DM companies are in constant danger of becoming commoditized. Ways to avoid this include:
Since views on health productivity management are variable, there will be a corresponding inexact company-specific ‘sweet-spot’ that exists between one extreme of minimizing your customers’ input versus the other extreme of overburdening your customers with program design and execution. Find that sweet spot.
Since there is variability, contracting will need to be correspondingly flexible and collaborative. Be prepared for new ideas and requests after the ink is dry on the agreement. Some may be costly, some may be dumb but some may be worthwhile and a few may be valuable contributions to the science. An ability to recognize, internalize and leverage the valuable contributions will be a competitive advantage.

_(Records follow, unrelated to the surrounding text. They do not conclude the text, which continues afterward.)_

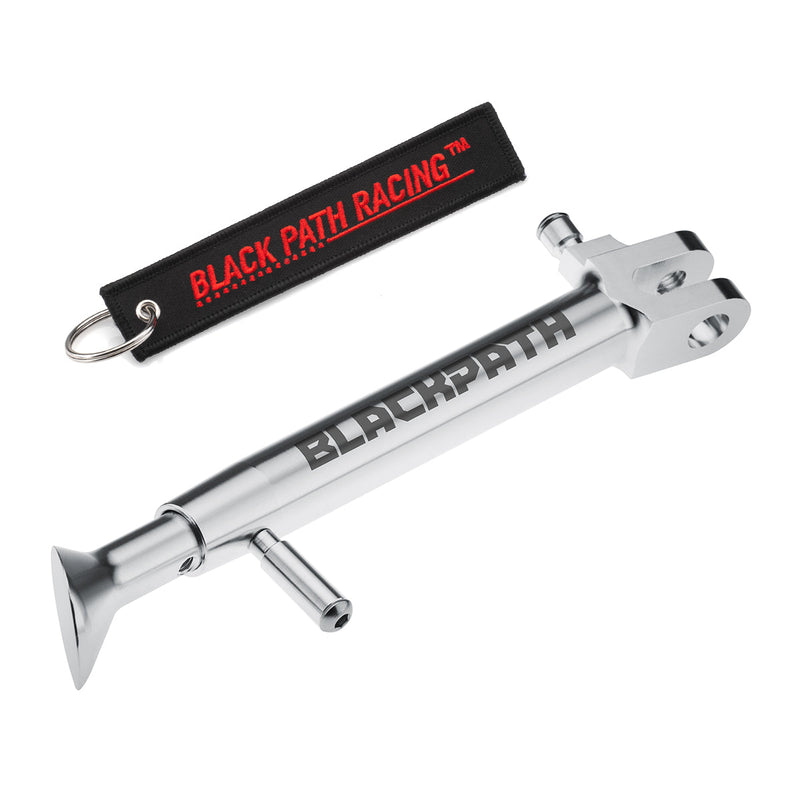 2005-2008 Kawasaki Ninja ZZR600 0-5" Adjustable Lowering Kickstand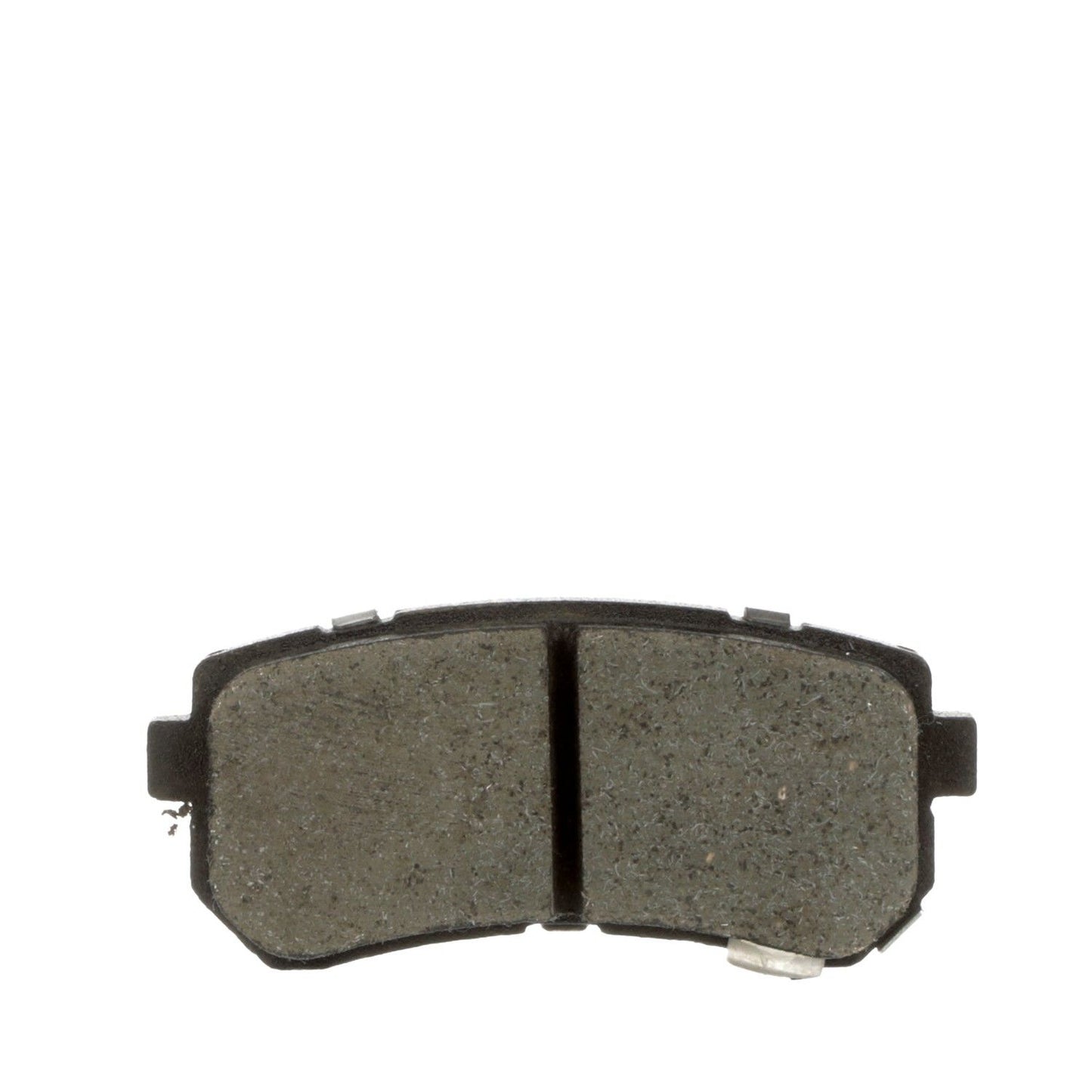 Top View of Rear Disc Brake Pad Set BOSCH BE2188H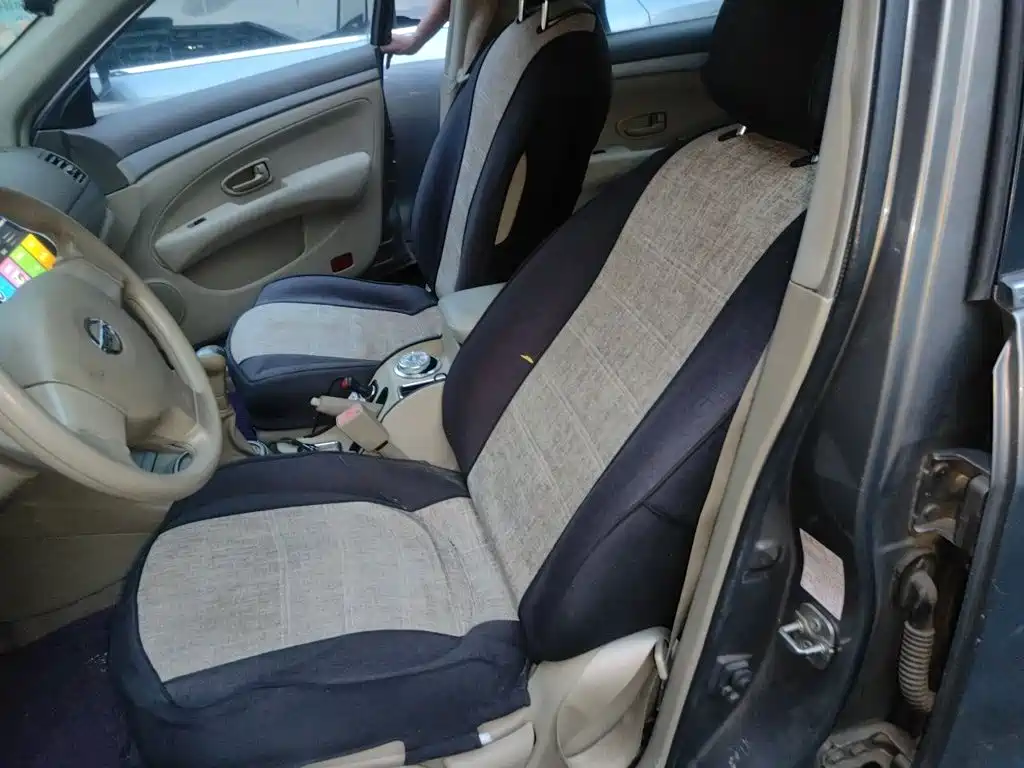 Nissan Sylphy — миниатюра 16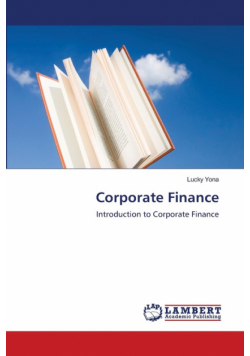 Corporate Finance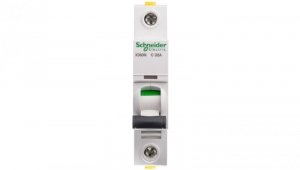 Wyłącznik nadprądowy 1P C 32A 6kA AC iC60N-C32 A9F04132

One way to overcome doubts on the ROI is to perform and publish more peer-review research. It will probably take a multi-year prospective randomized trial involving huge numbers of participants. Good luck. Another is to see what Don Berwick has to say about research involving complex multi-component programs. Another is to figure out how to demonstrate value in the field of human capital development. The industry needs to engage its critics and customers at those levels.
It will be difficult to reconcile employers’ demands for multi-component integration versus the fracturing of programs across employers, competitors, insurers and providers. While increasing market share in all dimensions of wellness, prevention, chronic illness care and care coordination is one approach, winning will probably depend more on skills in aggregation and ‘coopetition.’